◆ The input:
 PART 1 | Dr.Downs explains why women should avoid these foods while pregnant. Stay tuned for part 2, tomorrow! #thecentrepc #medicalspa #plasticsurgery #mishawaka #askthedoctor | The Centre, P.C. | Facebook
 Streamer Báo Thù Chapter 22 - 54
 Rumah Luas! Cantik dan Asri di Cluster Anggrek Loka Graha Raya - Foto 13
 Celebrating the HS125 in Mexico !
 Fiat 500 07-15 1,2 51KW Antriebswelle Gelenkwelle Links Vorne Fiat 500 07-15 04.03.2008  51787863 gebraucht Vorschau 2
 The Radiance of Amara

* * *

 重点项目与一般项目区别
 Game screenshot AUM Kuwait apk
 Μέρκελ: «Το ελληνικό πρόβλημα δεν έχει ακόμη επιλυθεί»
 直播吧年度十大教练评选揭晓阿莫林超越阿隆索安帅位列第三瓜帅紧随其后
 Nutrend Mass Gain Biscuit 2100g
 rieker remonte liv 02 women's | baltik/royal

◆ Your assignment:
Output the material above exactly, but only from the line that carries "PART 1 | Dr.Downs" through the line that carries "Streamer Báo Thù Chapter 22 - 54".

◆ Result of this exercise:
 PART 1 | Dr.Downs explains why women should avoid these foods while pregnant. Stay tuned for part 2, tomorrow! #thecentrepc #medicalspa #plasticsurgery #mishawaka #askthedoctor | The Centre, P.C. | Facebook
 Streamer Báo Thù Chapter 22 - 54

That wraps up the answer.